Regras contábeis comuns abrirão portas ao país

A adoção das normas contábeis internacionais estabelecidas pela International Financial Report Standart (IFRS) vai abrir mais portas ao Brasil no cenário internacional. A avaliação é dos sócios da KPMG no Brasil no segmento práticas profissionais, Ramon Jubels e Danilo Simões.
``Com isso, as empresas brasileiras vão ter mais comparatibilidade com as empresas internacionais, ganhando mais confiabilidade``, afirmou Simões. Segundo Jubels, os ganhos para o país serão significativos pois as novas regras têm alto nível de cumprimento. ``Há auditores atestando. A economia brasileira atende de fato às IFRS``, informou Jubels.
``A apresentação das demonstrações financeiras de acordo com as novas normas de contabilidade está sendo um marco histórico para o ambiente empresarial brasileiro na sua integração ao mercado financeiro internacional``. Presente em 150 países e, no Brasil, em 12 estados e mais o distrito federal, a empresa de auditoria acaba de lançar um guia com as principais mudanças na legislação contábil e tributária brasileiras em 2011.
Nesta 11ª edição, a Sinopse Contábil & Tributária apresenta as principais mudanças em leis, normas e atos declaratórios (que visam clarear o entendimento em torno de alguma instrução normativa). Jubels destaca outro ganho advindo da IFRS.
Com normas contábeis mais compreensíveis ao mercado internacional, as companhias brasileiras pagam um ``prêmio de risco`` menor. As adequações garantiram mais clareza ao conceito de informação de segmento, que, conforme Danilo Simões, traduzem no balanço financeiro a forma como cada empresa é gerida.
Mudanças setoriais –Na área tributária, o sócio da KPMG neste ramo, Pedro Anders, avaliou que ``o ano de 2011 foi positivo. As alterações tiveram enfoque setorial, fortalecendo setores importantes, como os exportadores e o de desenvolvimento tecnológico``.

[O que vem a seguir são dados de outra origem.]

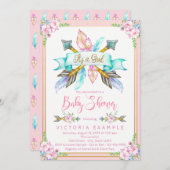 ボホアローフェザーガールベビーシャワー招待状 招待状 (正面/裏面)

Embora não identifique nenhuma mudança no sentido da esperada reforma tributária, Anders cita inovações como o Reintegra, regra tributária que prevê o retorno de 3% dos valores transacionados às empresas exportadoras.
Brasil vem consolidando importante papel no cenário econômico mundial e tem se preparado para enfrentar a competição nos mercados globais.